Halloween was dubbed as the first ‘Stalk and Slash’ Film and was released in 1978 and is very typical of the horror genre. But to first show how Halloween is a typical horror film I must first look at the typical conventions of the horror genre.
One of the main conventions is darkness. People feel a lot more threatened when in darkness because their vision is very limited and they are put into the idea that they are no longer safe. It also generates a feel of loneliness. Halloween does this very well and puts all the scary and major scenes in nigh time.
A typical scene used in horror films with Halloween included is when the lights do not work when they are switched on. This again leads to the idea of darkness being scary and lonely.
Another convention is to have a ‘mad man’ killer type person who is very distant all the way through the film. The audience will know who it is but they do not know why the killer is like they are. It adds to the unknown atmosphere which again make the audience feel threatened and very uneasy thus adding to the whole scary factor of horror films. Halloween fits this bill very nicely in the way that the killer Michael Myers is much unknown all through the film.
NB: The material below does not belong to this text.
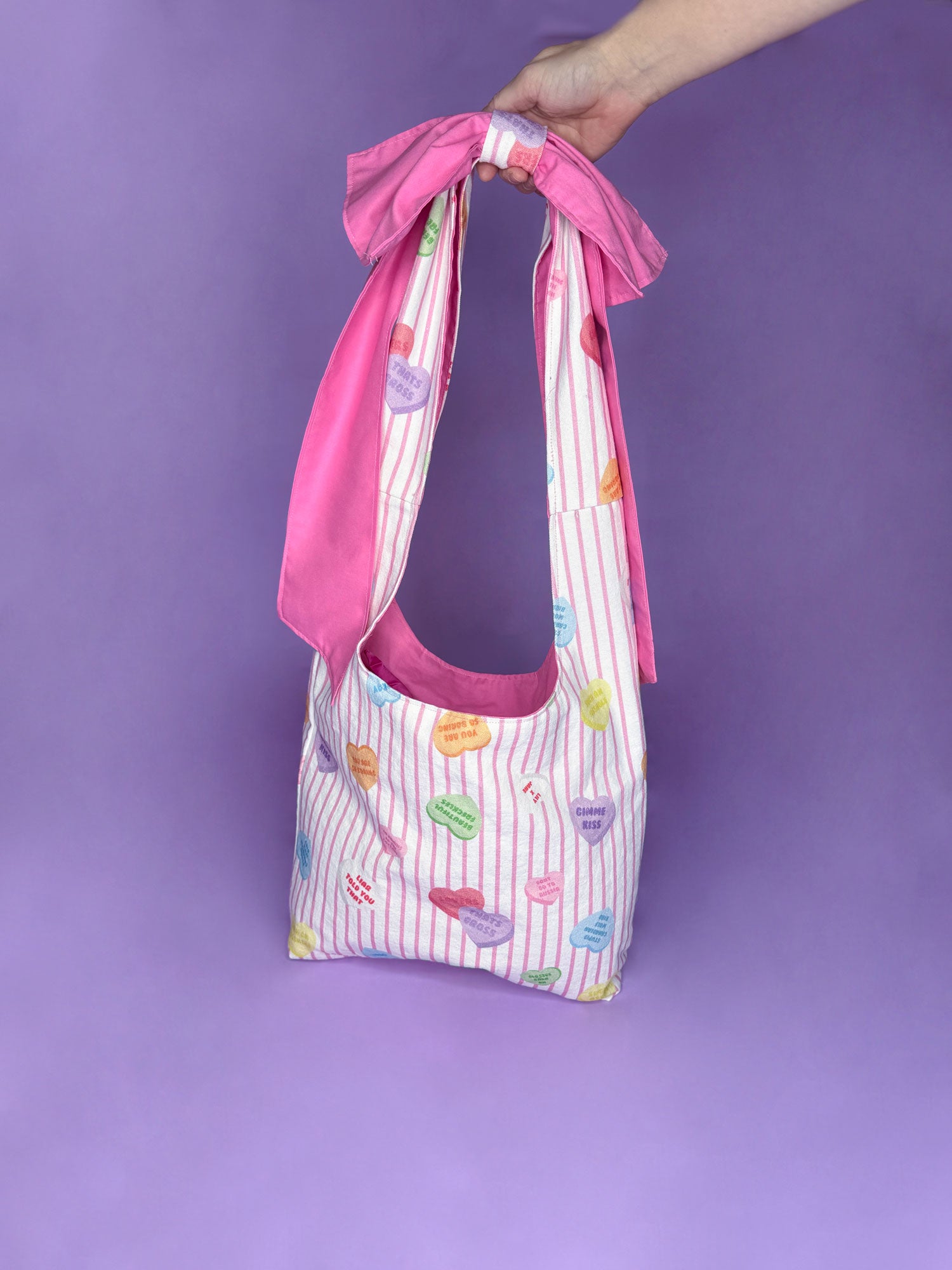 The Bow Bag in Candy Heart Print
The killer is usually a man who has a mental problem and has been locked up for it. The victim is usually female as they are looked apon as more vulnerable as men and a lot more intelligent. So they will foil the killer’s plans in a more intelligent way making the film a lot more interesting. This is demonstrated in Halloween.
Actual dates and places are used in many horror films. This is to add to the realism of the whole film. It makes the audience feel that what they are seeing on the screen could possibly be real. Some films will also use a date from the past (e.g. Halloween in 1945) then will use that same date but in the year that we are currently in. The idea of something happening in the past then happening on that same day so many years ago scares the audience and makes them believe the whole concept even more and that is what these films need because the idea by itself will be extremely unbelievable and that will not frighten the audience.
Halloween uses these dates and goes back in time to show when Michael Myers was a kid and killed his sister then 25 years later he escapes from his lock up and kills again.
Another main convention is the ‘Idiot’ plot. This is when then characters in the film do very stupid things, but without these stupid things, the whole film would finish in 10 minutes. For example in Halloween, Laurie stabs Michael in the shoulder and he falls behind the sofa. Laurie just sits there and does nothing. This adds to the intensity of the whole situation. The audience are thinking to themselves that they would have killed him there and then or run off but get frustrated that she does not do anything.
There is a typical type of character set up in horror films. There is generally a clever good person who always does what they are told. But they have friends who are the complete opposite and this brings in the coded warning that horror films generally give out. It is always the ones who have pre marital sex, smoke and drink underage that get killed first or only get killed while they are committing these sins. It is meant to send out a message to kids but does not tend to work too much. Halloween does exactly this with both Laurie’s friends getting killed while having sex, smoking and drinking, it is meant to look like a punishment.
Another popular convention that is used is the point of view of the killer. This way the audience sees everything that is happening except they do not see the identity of the killer. This happens at the start of Halloween as we first encounter little Michael Myers as he kills his sister. We have no idea who he is as he walks around the house, picks up the knife and kills her.
The house in the suburbs of a city is another typical convention. It is usually based in a pleasant looking area with relatively big houses. This is generally known as one of the safest places to live as it is away from the city and there is very little crime happening. Horror films use this and play on the audiences mind. They take a safe environment and place an unsafe element into it. This makes the audience very uneasy about the whole situation because what they thought was safe is now unsafe.
The housing in the area is generally old looking houses that have stairs up to the first floor and a balcony. They will also have big gardens and be very spread out so that no two houses in the area are that close to each other.
The idea of having a first floor is so that the killer can chase their prey up stairs and then they have them trapped as there is only one way down which is the stairs.
The balcony is there so that there can be a dramatic situation where someone will fall from it and land on the grass below, usually being the killer. Halloween does all these very well and demonstrates the feel of a safe area with an unsafe element.
Another convention is to leave an unfinished story, so that there can be a sequel. But the main reason there is an opening is to leave the audience guessing. Halloween is a great example of this. When Michael is shot over the balcony, they go to look at his dead body and it has gone meaning he is still alive. This makes the audience question where he is.
Then to add to the atmosphere of ‘where is he’ there is then usually a scan of the area, showing scenes which were seen earlier in the film as if the audience was looking for him, this raises questions and leads very well into a sequel. It also builds up the killer’s character more showing that he cannot be killed or is stronger than human. This in turn will make the audience feel even more unsafe.
Towards the end of films a typical scene that is used in most horror films is the discovery of the bodies. The person who has not yet been killed discovers all the dead bodies of the people they know, this then leads to the chase. Halloween is a very good example of this.
Overall Halloween is very typical of the Horror genre. It demonstrates many of the typical conventions of horror films and in some cases created some of these conventions.